Saturday, August 30, 2008

Around the island and walking with dinosaurs

Last Monday, which was a bank holiday here, Laura and her new husband David picked me up and we drove over to Crystal Palace Park, south of the river. The enormous glass, iron and wood structure that was built for the great Crystal Palace Exhibition in London in 1851 was later moved here, where it remained until it burned down in 1936. (For some pictures and information about the structure and exhibit, see http://www.st-andrews.ac.uk/~city19c/viccity/crystal1.html and http://en.wikipedia.org/wiki/The_Crystal_Palace).

Life-sized (well, maybe not quite life-sized, but big!) plaster replicas of dinosaurs were commissioned and were part of the exhibit, and they are still around the grounds of the park, along with models of more modern animals - elk, tapirs, etc. The palace was on a hill, and standing atop it you get sweeping views of the countryside to the south (the city falls away and greenery takes over pretty quickly once you're outside Greater London) and to the north, where you can see the City, with St. Paul's and the modern office building nicknamed The Gherkin.

Last night, my friends Tim, Alice, Alison and I met my friend Bucky outside the Canary Wharf station for a tour of the Island, dinner, and a visit to the local. Bucky runs the theatre program at the London branch of the American School in St. John's Wood, and spends more time around Americans than around Brits, and had been to the Isle of Dogs only a few times, and then only to Canary Wharf.

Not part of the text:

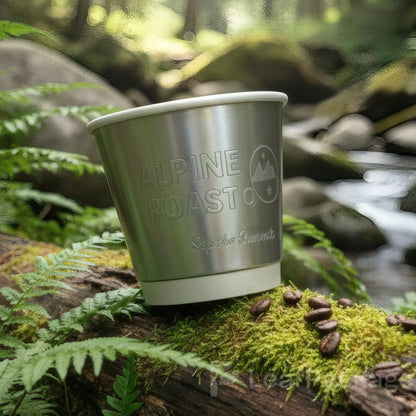 Custom Silver Paper Cup with 3D Logo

From the first years of the 19th century until the 1960's, the Isle of Dogs was home to London's major ports. When container shipping took hold, the docks gradually fell into disuse, leaving acres of derelict buildings and massive unemployment. In the early 1990s, an adventurous financier built Canada Tower, Britain's tallest building, hoping to create a new commerical center. At first it sat largely empty, but soon business took off. The publishing industry, long located at and sometimes simply referred to as "Fleet Street," moved to Canary Wharf, as did other businesses. Now there are many skyscrapers with housing Citibank, Barclay's, and other international corporations, with luxury flats and hotels. When I asked a cab driver to take me to the Isle of Dogs, he said, "Oh, the Isle of Money." But it's not all like that.

We walked to South Quay and then around the docks to near Millwall and the Mudchute DLR station, and then cut through Mudchute Farm and Millwall Park. Tim said that Mudchute is the largest farm inside a city. I think! There are allotments, or community garden plots, as well as sheep, cows, goats and other farm animals. The Mudchute is so named because when the second set of docks were being built in the mid-19th century, the excavated dirt was thrown up into a berm alongside the channel - and there it remains. It's a lovely oasis of green.

Donna met us at Memsaheb, my favorite Indian restaurant here, right on the river, and had a great meal, then walked along the river back to my old neighborhood. The Observatory in Greenwich projects a green laser beam along the meridien line, which shoots hot and bright in the dark above the river. We went for a drink at the Lord Nelson put, my old haunt. The Nelson's been there since about 1850, and for decades was a dockies' pub, catering to the dockworkers that were the Island's main population from about 1800 to 1900 or so.

The southwest quadrant of the Island, especially, still has a very neighborhoody feel, with many dockers' cottages that were built in the late 19th and early 20th centuries. The area along the river was heavily industrial from the second half of the 19th century, and was badly bombed during the World War II, with many civilian deaths. Now most of the river front has newer upscale flats. But in other places, there are still many people whose families have lived on the Island for years.

I really enjoyed living in this neighborhood when I was here for almost a year and a half two years ago caring for my mother. Since there are only two ways onto the Isle of Dogs by car (Blackwall Tunnel at the northeast and the Limehouse Link at the northwest), it's a lot more quiet and laid back than central London.

If you look at maps showing the Island up until the beginning of the 19th century, there isn't much there. A road around the perimeter, and one leading up the center of the horseshoe-shaped peninsula, with a ferry house at the foot of the island, near where the roads intersect, and a chapel house partway up the north-south middle road.

I lived where that north-south road, Eastferry Road, intersects the perimeter road, which is Westferry Road on the west and Manchester Road on the east. A couple hundred feet away, closer to the water, was the site of the ferry to Greenwich, which was there at least since the 14th century. Samuel Pepys got stuck there for a day, trying to get to a wedding south of the river. For all that time, there has always been a public house near the site, though the current Ferry House pub is only about 200 years old.